### INSTRUCTIONS TO FOLLOW:
Starting at the line that contains "7 rooms Apartment" in the listing below, write out every line word for word until you have written the line that contains "シンフォニアBのその他共用部分".

### PROVIDED DATA:
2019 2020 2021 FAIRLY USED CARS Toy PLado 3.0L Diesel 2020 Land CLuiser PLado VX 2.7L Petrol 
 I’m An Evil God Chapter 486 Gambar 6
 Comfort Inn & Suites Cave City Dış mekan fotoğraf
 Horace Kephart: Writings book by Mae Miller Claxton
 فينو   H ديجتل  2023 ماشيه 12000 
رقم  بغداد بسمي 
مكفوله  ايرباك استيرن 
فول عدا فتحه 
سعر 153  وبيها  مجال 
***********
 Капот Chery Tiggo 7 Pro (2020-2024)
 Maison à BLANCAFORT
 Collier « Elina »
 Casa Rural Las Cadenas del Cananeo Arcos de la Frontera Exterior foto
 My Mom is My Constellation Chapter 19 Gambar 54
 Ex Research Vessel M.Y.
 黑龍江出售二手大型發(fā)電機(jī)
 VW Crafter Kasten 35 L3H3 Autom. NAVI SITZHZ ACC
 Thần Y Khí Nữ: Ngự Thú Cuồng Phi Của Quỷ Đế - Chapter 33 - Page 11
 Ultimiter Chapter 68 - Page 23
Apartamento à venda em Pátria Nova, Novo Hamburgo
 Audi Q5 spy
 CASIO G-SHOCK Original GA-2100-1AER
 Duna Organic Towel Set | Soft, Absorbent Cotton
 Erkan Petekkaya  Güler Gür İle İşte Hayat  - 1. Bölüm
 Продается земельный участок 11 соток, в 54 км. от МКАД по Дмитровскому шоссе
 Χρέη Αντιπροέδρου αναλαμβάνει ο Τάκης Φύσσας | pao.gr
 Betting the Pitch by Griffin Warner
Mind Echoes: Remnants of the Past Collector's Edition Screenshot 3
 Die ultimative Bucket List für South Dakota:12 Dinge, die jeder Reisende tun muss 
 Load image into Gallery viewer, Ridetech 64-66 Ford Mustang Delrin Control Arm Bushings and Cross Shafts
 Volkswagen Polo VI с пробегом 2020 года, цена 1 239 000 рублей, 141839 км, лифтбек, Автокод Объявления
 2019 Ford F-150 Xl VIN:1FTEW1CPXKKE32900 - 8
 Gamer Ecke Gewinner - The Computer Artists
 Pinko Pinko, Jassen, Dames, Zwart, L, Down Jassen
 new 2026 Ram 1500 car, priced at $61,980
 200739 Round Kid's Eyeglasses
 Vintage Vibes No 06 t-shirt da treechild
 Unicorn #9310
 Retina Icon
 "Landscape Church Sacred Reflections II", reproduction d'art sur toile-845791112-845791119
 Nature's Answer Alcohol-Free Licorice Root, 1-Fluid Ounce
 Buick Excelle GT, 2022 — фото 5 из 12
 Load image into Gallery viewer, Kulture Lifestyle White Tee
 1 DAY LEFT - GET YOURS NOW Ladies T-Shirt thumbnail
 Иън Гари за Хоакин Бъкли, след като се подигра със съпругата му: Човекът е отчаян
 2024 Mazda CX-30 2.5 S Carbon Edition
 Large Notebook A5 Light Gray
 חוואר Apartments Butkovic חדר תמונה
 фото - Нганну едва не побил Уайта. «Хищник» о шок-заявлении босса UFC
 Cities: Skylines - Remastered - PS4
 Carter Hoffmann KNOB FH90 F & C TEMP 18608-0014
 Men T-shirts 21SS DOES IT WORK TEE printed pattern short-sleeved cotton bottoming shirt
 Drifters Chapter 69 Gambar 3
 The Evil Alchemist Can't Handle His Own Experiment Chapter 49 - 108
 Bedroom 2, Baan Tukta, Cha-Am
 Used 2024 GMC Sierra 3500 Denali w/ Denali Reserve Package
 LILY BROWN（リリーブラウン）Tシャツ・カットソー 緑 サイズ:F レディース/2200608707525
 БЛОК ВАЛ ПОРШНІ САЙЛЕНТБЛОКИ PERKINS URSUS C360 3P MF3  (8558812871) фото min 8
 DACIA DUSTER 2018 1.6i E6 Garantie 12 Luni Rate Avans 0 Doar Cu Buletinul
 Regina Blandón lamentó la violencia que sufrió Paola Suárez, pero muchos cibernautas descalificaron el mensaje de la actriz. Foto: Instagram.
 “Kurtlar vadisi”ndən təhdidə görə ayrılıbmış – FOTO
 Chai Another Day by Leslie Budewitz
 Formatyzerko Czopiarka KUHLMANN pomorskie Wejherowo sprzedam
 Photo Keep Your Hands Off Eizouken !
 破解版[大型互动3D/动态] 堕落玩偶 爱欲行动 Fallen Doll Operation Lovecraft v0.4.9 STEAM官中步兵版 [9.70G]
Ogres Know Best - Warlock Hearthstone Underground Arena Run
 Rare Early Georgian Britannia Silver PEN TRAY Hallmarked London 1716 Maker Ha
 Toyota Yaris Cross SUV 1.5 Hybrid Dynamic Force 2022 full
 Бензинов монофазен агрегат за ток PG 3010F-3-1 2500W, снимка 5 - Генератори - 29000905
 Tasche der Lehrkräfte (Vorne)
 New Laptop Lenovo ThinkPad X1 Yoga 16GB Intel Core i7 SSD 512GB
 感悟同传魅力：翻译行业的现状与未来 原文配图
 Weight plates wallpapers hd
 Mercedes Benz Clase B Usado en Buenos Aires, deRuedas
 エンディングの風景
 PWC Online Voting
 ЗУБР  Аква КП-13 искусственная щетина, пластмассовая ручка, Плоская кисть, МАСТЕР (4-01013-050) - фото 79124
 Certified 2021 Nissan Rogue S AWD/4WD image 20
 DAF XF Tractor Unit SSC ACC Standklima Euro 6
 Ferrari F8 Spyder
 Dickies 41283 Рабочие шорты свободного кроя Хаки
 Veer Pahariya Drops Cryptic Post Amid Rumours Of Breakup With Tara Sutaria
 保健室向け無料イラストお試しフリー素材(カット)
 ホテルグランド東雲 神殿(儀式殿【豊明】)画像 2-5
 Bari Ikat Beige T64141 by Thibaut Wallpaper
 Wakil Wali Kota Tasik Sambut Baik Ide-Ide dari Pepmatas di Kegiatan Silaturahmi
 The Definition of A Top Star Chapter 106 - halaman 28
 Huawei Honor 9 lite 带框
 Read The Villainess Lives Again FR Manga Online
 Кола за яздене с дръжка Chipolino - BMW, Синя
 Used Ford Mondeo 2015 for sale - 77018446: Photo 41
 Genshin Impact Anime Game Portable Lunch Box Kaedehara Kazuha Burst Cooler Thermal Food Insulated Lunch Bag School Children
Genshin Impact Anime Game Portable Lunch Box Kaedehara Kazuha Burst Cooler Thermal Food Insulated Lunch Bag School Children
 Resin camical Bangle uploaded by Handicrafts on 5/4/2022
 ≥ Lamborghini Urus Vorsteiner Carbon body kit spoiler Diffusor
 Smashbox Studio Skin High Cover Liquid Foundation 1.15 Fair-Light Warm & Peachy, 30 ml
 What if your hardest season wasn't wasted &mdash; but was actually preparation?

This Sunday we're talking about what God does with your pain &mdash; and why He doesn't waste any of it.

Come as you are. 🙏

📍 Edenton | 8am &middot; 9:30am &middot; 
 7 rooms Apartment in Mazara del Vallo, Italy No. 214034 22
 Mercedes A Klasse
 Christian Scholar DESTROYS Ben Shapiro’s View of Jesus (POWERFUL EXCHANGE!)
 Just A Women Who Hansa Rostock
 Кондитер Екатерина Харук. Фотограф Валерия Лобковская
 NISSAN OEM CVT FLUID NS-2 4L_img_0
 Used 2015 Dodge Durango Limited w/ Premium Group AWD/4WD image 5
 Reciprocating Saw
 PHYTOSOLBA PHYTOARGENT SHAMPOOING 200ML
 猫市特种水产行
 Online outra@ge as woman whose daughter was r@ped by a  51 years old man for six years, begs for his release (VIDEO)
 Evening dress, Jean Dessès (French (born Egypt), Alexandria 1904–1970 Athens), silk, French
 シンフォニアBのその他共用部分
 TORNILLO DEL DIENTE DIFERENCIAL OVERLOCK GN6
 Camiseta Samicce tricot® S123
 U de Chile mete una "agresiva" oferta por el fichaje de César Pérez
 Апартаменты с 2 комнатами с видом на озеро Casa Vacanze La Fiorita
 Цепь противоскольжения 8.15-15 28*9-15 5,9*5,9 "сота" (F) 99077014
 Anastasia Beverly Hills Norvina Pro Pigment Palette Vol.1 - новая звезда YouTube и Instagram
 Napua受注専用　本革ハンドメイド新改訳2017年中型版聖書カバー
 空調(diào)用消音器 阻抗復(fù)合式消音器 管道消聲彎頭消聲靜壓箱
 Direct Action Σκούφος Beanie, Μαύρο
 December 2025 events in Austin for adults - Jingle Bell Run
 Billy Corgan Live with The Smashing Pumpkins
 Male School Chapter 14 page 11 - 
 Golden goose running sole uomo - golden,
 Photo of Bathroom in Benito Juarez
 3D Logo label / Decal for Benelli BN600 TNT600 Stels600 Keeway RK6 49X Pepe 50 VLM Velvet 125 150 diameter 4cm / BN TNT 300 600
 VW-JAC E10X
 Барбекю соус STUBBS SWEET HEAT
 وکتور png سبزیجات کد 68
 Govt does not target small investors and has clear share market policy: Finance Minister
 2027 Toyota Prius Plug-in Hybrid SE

### SOLUTION BELOW:
 7 rooms Apartment in Mazara del Vallo, Italy No. 214034 22
 Mercedes A Klasse
 Christian Scholar DESTROYS Ben Shapiro’s View of Jesus (POWERFUL EXCHANGE!)
 Just A Women Who Hansa Rostock
 Кондитер Екатерина Харук. Фотограф Валерия Лобковская
 NISSAN OEM CVT FLUID NS-2 4L_img_0
 Used 2015 Dodge Durango Limited w/ Premium Group AWD/4WD image 5
 Reciprocating Saw
 PHYTOSOLBA PHYTOARGENT SHAMPOOING 200ML
 猫市特种水产行
 Online outra@ge as woman whose daughter was r@ped by a  51 years old man for six years, begs for his release (VIDEO)
 Evening dress, Jean Dessès (French (born Egypt), Alexandria 1904–1970 Athens), silk, French
 シンフォニアBのその他共用部分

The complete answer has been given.